Yang’s research focus in networking includes Internet security, routing, resource allocation and data center networking. She currently is a member of a national team working on the National Science Foundation’s Future Internet Architecture Project.
“The goal is to design the Internet for the future,” Yang said. “Basically the Internet was designed in the 1960s for researchers to share files, but there are many kinds of challenges that we see today that were not resolved at that time, like security. The Internet is vulnerable to many attacks today.”
In addition to defense against malicious attacks, Computer Science Chairman Carlo Tomasi noted that fair cost-sharing and message traffic congestion were theoretical considerations left to a few visionaries in 1969.

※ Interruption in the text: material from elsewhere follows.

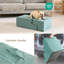 Escalier pour animal 3 marches Emalee-1479917144-1479917140
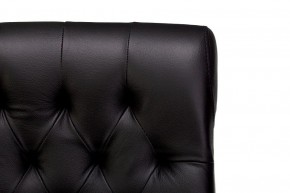 Кресло для руководителя T-9928WALNUT в Асбесте - asbest.mebel24.online | фото 6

“Now, four decades later, these are among the key problems in keeping the Internet running effectively,” he said, “and Xiaowei works on them as one of a small elite of top-notch researchers in networking systems.”
In 2009, Yang won an NSF Career Award to investigate how to address the security vulnerabilities of the Internet.
Her group at Duke also has been working on social network security, focusing on how to efficiently identify fake accounts. In applying their algorithm on a large scale for a leading social network in Spain (Tuenti), they were able to detect fake accounts with an accuracy of more than 90 percent, much higher than the current 5 percent accuracy of manual detection.
In collaboration with researchers at Microsoft, Yang’s group also is trying to develop algorithms to automatically mitigate failures in datacenter networks. When detected, the faulty components can be shut down without any noticeable service degradation because of the built-in redundancy in datacenter networks.
Another recent research project is comparing the costs and performance of various public cloud providers. As an offshoot of the research, a comparison of public cloud computing providers by Yang’s group has helped large commercial providers uncover performance problems and has provided benchmarking tools for consumers to use when choosing a provider.
Yang is also a faculty mentor of the Duke Chapter of the Association for Computing Machinery — Women in Computing, which provides a venue for female students to share experiences and speak with role models.
“Xiaowei cares deeply about diversity at Duke,” Tomasi said. “We are proud to have Xiaowei among us, and we are grateful for all she does for our department.”